# Furniture photos?



## SquarePeg (Mar 26, 2019)

Hi.  As most of you know I have no intention of "going pro" and don't want to turn something I love into a job.  A friend of a friend has a custom design furniture/cabinetry business and is looking for someone to take photos for his "portfolio".  Mostly they will be used on Facebook and his website for potential clients to look at.  My friend recommended me to him and he is interested in working with me.  

Not sure I want to take this on - although it would be local and probably not very time consuming, it would still be another commitment in what has become a very busy life lately.  What is involved with this type of photography?  For those that know my skill level - is this something I'm capable of?  I have the right lenses and some lights.  Wouldn't mind earning some money to pay for my GAS habit...


----------



## Designer (Mar 26, 2019)

Hey there.

I have done something very similar.  A good friend of mine turns wooden objects in his workshop, and wanted photographs of everything so he could have a record and publish the photos on a website.  I did this in two tranches, mostly because he is constantly making new ones.  The first group (well over a hundred bowls and urns) I transported to my house so I could use my own light tent setup.  That was a tremendous amount of work, not only in transporting them, but also in photographing each piece, side view and top view.

The second group (also over one hundred pieces) he wanted me to do the photography in his workshop.  So there I was, no light tent, no flash, no backdrop, sawdust all over the place, and fluorescent lighting.  I did the best I could, and the results were not exactly terrible, but it satisfied my friend.  The first group I was offered my choice of pieces, and I took a large wooden bowl, and when I gave him the files, he offered me another piece.  The second group I took a small urn and my wife didn't like it so she suggested I exchange it, but I just returned it.  

I will say that this project could be very time consuming, and if your time isn't valuable, then perhaps you can make a go of it.  When I did the bowls, it took several days, including labeling each photograph with the species of wood and the size.  Frankly, I am not anticipating doing any more of them.  

Yes, you're capable of producing acceptable results, but I hope you don't spend hours in editing.


----------



## tirediron (Mar 26, 2019)

I have no doubt you can produce the desired results, so that's off the table.  This kind of work can be tricky, ESPECIALLY if it's very glossy furniture.  Reflections can be very challenging to control.  Assuming that all the pieces are different and not huge, say, night-table to hall table size, I would expect to dedicate an hour per piece initially, and once you get a workflow dialed in, then maybe 15-20 minutes per piece.  Once you get it figured out, post should be a matter of 2-3 minutes.  Colour correct, clone out any minor issues, crop, done.


----------



## Derrel (Mar 26, 2019)

YOU could most likely do this, yes.

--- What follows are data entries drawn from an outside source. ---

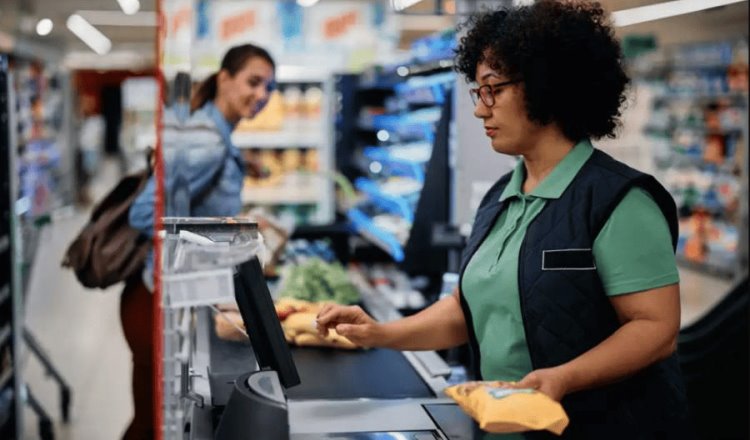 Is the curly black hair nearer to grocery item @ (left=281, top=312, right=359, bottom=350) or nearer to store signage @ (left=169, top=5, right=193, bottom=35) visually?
store signage @ (left=169, top=5, right=193, bottom=35)

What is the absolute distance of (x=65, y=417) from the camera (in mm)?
5715

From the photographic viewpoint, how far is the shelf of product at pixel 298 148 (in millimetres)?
7395

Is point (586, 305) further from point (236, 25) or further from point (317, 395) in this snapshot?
point (236, 25)

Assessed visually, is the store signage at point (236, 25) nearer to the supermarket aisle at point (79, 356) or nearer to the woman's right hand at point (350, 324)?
the supermarket aisle at point (79, 356)

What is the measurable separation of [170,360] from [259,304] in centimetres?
32

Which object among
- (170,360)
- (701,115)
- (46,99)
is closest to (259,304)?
(170,360)

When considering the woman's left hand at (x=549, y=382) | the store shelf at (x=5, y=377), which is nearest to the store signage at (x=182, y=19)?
the woman's left hand at (x=549, y=382)

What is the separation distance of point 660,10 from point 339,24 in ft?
30.8

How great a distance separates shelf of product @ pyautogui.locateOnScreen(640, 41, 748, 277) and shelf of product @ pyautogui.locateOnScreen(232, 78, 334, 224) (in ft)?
15.8

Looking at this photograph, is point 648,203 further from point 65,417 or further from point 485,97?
point 65,417

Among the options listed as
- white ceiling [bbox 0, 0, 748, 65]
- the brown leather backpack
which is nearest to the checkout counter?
the brown leather backpack

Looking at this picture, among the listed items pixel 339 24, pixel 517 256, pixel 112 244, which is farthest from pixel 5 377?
pixel 339 24

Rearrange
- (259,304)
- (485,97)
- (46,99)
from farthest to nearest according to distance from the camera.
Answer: (46,99) → (485,97) → (259,304)

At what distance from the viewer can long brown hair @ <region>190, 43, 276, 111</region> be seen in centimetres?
346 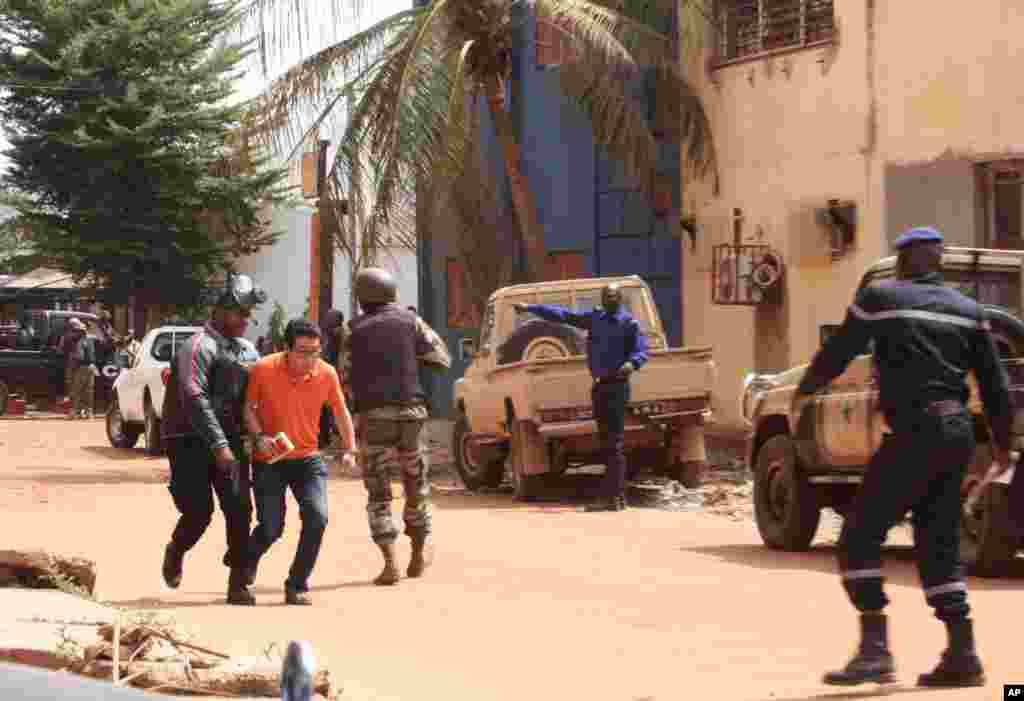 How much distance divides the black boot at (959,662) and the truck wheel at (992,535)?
433 cm

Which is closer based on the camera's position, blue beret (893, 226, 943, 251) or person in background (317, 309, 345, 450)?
blue beret (893, 226, 943, 251)

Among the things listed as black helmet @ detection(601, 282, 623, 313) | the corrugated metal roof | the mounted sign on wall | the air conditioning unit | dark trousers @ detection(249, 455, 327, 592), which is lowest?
dark trousers @ detection(249, 455, 327, 592)

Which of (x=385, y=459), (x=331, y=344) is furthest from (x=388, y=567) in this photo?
(x=331, y=344)

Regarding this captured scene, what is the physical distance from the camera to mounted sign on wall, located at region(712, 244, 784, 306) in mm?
27766

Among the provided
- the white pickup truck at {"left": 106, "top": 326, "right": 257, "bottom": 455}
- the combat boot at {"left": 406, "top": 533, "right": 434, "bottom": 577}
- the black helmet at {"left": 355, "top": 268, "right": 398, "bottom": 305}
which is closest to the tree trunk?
the white pickup truck at {"left": 106, "top": 326, "right": 257, "bottom": 455}

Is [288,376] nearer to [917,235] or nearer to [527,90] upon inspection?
[917,235]

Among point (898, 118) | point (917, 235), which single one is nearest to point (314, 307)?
point (898, 118)

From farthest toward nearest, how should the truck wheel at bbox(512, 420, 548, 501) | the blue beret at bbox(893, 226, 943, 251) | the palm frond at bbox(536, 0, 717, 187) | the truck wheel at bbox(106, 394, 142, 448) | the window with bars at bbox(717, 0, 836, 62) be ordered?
the truck wheel at bbox(106, 394, 142, 448) < the window with bars at bbox(717, 0, 836, 62) < the palm frond at bbox(536, 0, 717, 187) < the truck wheel at bbox(512, 420, 548, 501) < the blue beret at bbox(893, 226, 943, 251)

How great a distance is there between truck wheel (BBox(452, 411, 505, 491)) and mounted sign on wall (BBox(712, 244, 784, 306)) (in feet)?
20.2

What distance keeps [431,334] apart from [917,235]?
5246 millimetres

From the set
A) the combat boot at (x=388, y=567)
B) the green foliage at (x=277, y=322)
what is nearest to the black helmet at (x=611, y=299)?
the combat boot at (x=388, y=567)

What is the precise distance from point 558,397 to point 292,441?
827 cm

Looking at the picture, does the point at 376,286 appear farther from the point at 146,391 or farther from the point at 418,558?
the point at 146,391

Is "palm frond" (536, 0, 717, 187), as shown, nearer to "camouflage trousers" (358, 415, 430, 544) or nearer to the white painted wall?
"camouflage trousers" (358, 415, 430, 544) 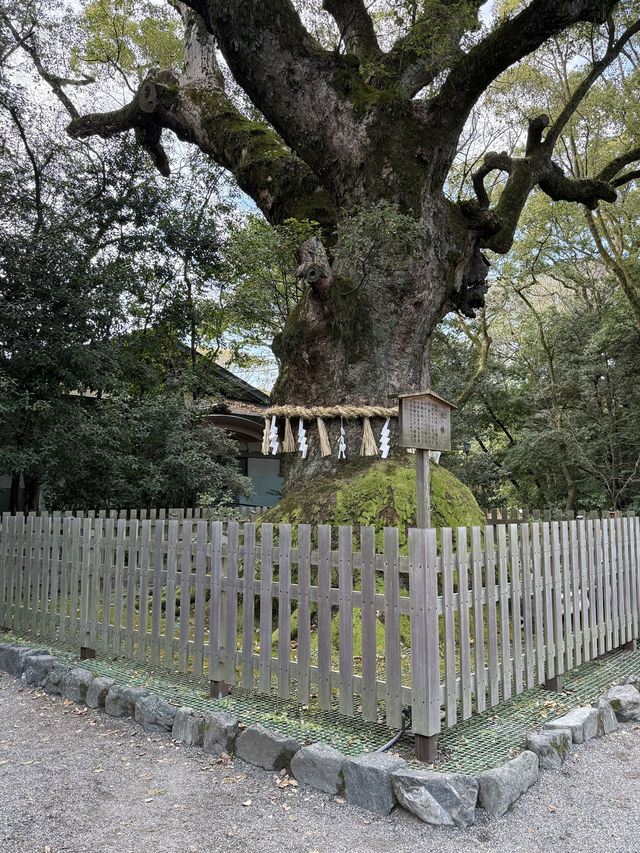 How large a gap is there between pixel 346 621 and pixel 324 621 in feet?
0.57

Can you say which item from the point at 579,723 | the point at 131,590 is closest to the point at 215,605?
the point at 131,590

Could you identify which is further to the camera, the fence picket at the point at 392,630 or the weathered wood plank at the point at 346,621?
the weathered wood plank at the point at 346,621

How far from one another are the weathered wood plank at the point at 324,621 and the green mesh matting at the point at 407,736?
→ 25cm

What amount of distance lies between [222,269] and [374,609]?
10.6 metres

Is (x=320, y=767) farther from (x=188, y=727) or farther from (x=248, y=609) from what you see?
(x=248, y=609)

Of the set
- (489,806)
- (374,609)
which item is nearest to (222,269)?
(374,609)

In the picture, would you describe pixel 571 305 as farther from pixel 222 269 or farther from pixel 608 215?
pixel 222 269

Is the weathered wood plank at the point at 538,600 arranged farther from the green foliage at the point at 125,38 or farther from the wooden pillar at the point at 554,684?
the green foliage at the point at 125,38

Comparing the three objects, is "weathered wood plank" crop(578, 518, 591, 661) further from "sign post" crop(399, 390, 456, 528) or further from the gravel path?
"sign post" crop(399, 390, 456, 528)

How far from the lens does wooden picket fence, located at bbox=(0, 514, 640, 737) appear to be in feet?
10.5

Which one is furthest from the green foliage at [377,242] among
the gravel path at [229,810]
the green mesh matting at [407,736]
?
the gravel path at [229,810]

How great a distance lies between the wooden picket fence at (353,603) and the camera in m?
3.20

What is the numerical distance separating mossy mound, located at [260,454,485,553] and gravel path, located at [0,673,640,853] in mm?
2258

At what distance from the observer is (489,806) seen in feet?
8.91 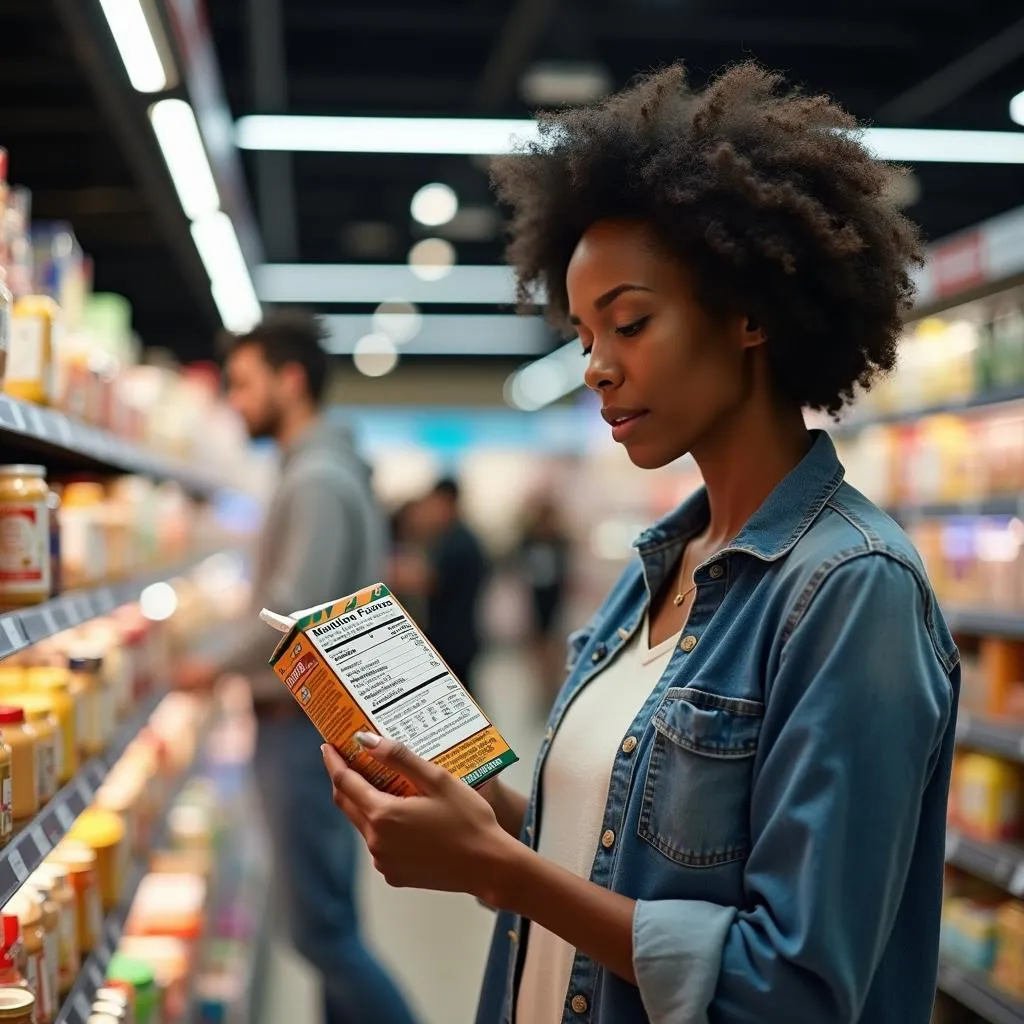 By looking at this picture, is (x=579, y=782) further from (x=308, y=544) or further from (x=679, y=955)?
(x=308, y=544)

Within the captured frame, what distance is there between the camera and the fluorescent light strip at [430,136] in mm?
6570

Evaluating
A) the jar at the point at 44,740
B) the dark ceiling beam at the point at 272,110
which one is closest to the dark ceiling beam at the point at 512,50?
the dark ceiling beam at the point at 272,110

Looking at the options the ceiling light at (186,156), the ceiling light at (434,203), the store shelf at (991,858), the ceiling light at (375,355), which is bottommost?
the store shelf at (991,858)

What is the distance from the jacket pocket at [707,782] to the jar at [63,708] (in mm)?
1221

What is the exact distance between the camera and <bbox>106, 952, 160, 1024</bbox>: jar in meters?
2.59

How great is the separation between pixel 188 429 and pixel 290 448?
926 mm

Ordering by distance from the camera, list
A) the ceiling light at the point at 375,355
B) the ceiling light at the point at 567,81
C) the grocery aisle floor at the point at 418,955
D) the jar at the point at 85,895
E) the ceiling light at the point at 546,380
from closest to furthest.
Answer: the jar at the point at 85,895 < the grocery aisle floor at the point at 418,955 < the ceiling light at the point at 567,81 < the ceiling light at the point at 546,380 < the ceiling light at the point at 375,355

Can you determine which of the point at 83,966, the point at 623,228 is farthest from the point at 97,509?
the point at 623,228

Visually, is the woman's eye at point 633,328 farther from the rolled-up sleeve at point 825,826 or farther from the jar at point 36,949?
the jar at point 36,949

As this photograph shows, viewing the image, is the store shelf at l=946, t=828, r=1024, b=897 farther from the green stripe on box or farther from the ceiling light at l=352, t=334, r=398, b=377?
the ceiling light at l=352, t=334, r=398, b=377

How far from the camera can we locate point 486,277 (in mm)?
14266

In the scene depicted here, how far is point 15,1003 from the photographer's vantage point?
1.60 m

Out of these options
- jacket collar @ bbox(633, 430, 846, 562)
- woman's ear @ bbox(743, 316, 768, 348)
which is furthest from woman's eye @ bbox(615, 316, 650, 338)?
jacket collar @ bbox(633, 430, 846, 562)

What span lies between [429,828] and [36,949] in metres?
0.89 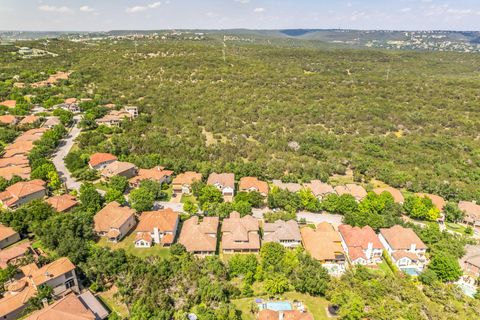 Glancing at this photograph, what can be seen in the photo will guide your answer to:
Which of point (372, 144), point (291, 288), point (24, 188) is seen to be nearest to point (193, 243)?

I think you could pull this off.


----------



## Soocom1 (Mar 26, 2019)

One of the first set of photographs I did for product sales I shot a Minolta x370. Then eventually graduated to my now stolen Minolts 7D. 
The camera IMO is not the core of the work. The lighting is as others have stated. 
Direct lighting is the real issue along with the afore mentioned glossy reflection. 

To handle that I wound up with some white sheets and lights pointed toward them, and the reflective light (now heavily defused) OVER, not ON the object. 

The real trick is to defuse the shadows and allow full detail of the product. 

soft reflectors work very well here, and some good LED pointed at white pillow sheets work very well. 

I would STRONGLY suggest a book from B&N or other book store or Amazon or wherever on photo lighting. No need for uber fancy. The intent is defused light.


----------



## Dave442 (Mar 26, 2019)

Furniture in often shown in a simulated location that matches the style of the furniture (rustic, modern, etc) or just a white background. Cabinetry is a bit more complicated as it is often sitting on a shop floor in sections when ready to go out - and that doesn't look anything like the final installation. 

As they are local it is definitely worthwhile meeting up with them. See if it is something you can work into your schedule, if they have a location to shoot the pieces, etc. Like tirediron noted, your initial time will be much longer per piece vs later on. I'm sure you can provide the images they are looking for.


----------